El gran juego relata una historia de oficiales ambiciosos y aventureros con muchísimas agallas para disfrazarse de mercaderes armenios o de peregrinos y recorrer desiertos y montañas jamás visitados por un europeo: los rusos para estudiar la manera de expandirse hacia la India; los ingleses para salvaguardar su imperio colonial y crear en las fronteras una serie de estados colchón con emires, khanes y reyezuelos fantoches. Una historia de emboscadas, decapitaciones y asesinatos en los palacios reales.
Lo que llama la atención es, ante todo, que en pleno siglo XIX, cuando se pensaba que ya se había trazado toda la cartografía de la Tierra, los europeos no supieran casi nada de la geografía de esas áreas, de los pasos, de la navegabilidad de los ríos, y tuvieran que encomendarse al trabajo de estos espías o de geógrafos ambulantes, que luego describían oralmente o anotaban como mejor podían lo poco que habían conseguido ver.
En segundo lugar, descubrimos que los monarcas y pequeños sultanes de reinos fabulosos (aquí se habla de Bukhara, de Samarcanda, de Khiva y de Chitral) se dedicaban a un juego con Inglaterra y Rusia que podía resultarles mortal, con nociones muy vagas sobre estas naciones.
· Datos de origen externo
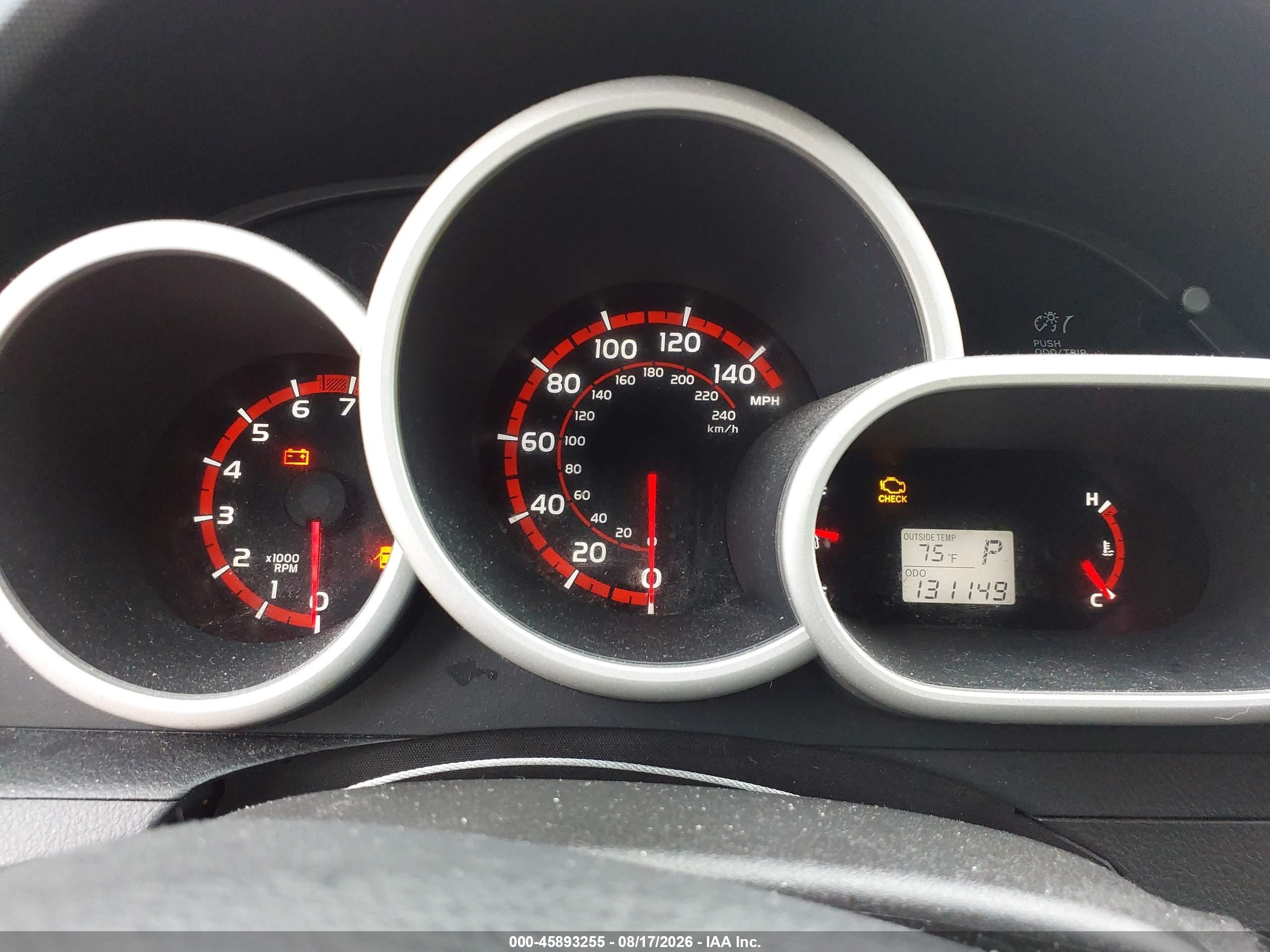 2009 Pontiac Vibe   Silver vin: 5Y2SP67099Z422757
En ocasiones pensaban que eran tribus limítrofes, tanto que, una vez, uno de esos reyezuelos le pregunta orgullosamente al enviado inglés si la reina Victoria posee veinte cañones como él.
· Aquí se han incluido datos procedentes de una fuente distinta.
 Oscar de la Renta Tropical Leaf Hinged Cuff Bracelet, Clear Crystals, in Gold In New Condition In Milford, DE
Después, se leen historias de matanzas espantosas, como la de dieciséis mil ingleses entre civiles y militares, mujeres y niños, en las montañas de Afganistán (que creían haber pacificado), porque un general inepto o ambicioso no valoró correctamente las dificultades de los pasos de montaña, de las divisiones tribales y el sutil arte oriental del engaño.
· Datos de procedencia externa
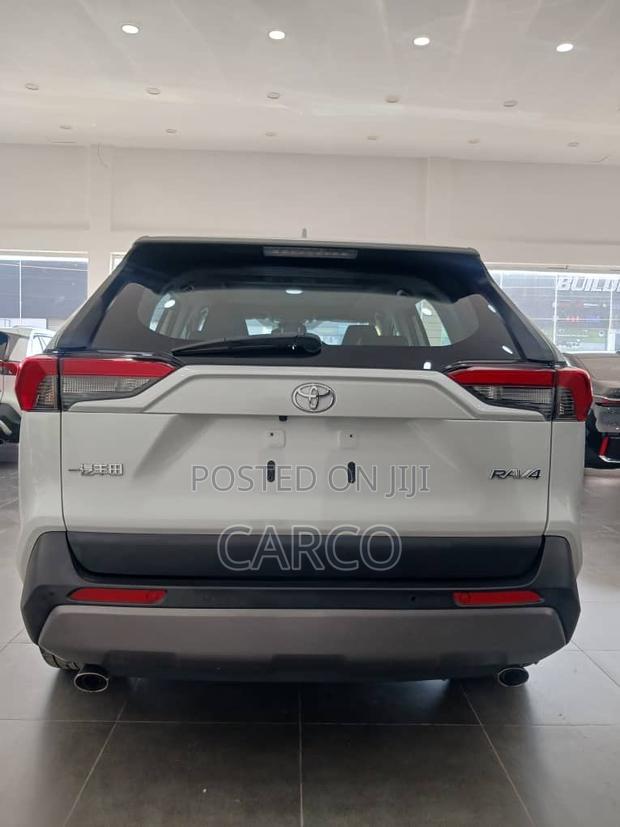 Toyota RAV4 2023 White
Que luego todos estos emires nos resulten malos y traicioneros (y lo eran) tampoco salva a los enviados rusos o ingleses, hechos de la misma calaña, que primero intentaban entablar amistad para luego jugársela.
La sensación inmediata que se experimenta es que Bush o Putin deberían leer este libro para entender que hay zonas del mundo donde incluso el ejército más poderoso y organizado no puede hacer nada contra tribus que conocen todos los senderos.
Alguien podría objetar que la situación ha cambiado mucho desde entonces, que los “grandes juegos” ya no se hacen a las escondidas y que para sacar territorios ariscos de la nebulosa de lo desconocido hoy alcanza con ir a la guerra con un buen atlas bajo el brazo. Falso. Al leer este libro, uno tiene la impresión de que en el mundo que creemos globalizado (en el mundo, para entendernos, de El fin de la Historia) los bolsones de ignorancia recíproca siguen siendo enormes.
Las bandas iraquíes que capturan a periodistas saben que Inglaterra tiene más de veinte cañones, pero el tipo de reivindicaciones que hacen demuestra que tienen ideas muy vagas de qué es Europa: pueden capturar a un periodista de izquierda para chantajear a un gobierno de derecha; no se dan cuenta de que si amenazan a Francia echan sobre Irak a un país que había quedado fuera de la contienda; han mostrado en la televisión a rehenes italianos pidiendo que en Italia se hicieran manifestaciones por la paz, sin saber que ya las habíamos hecho; capturan a dos pacifistas poniendo en crisis a todos los que hacen presión para que los occidentales se vayan.
En definitiva, intentan determinar las políticas occidentales sin demostrar tener las ideas claras sobre las líneas de fractura de Occidente.
¿Y nosotros? Vayan y pregunten, no digo ya al portero de su casa, sino a un profesor de universidad (que no sea, obviamente, un arabista) cuál es la diferencia entre sunnitas y chiitas, y verán que sabe menos de lo que sabía hace cien años el emir de Bukhara sobre las dimensiones del imperio británico.
En plena globalización existen todavía conocimientos tan confusos que espeluznan. Y para comprender cuán poco sabemos, es realmente esclarecedor descubrir, con Hopkirk, lo poco que sabían Asia y Europa una de la otra en tiempos del Gran Juego.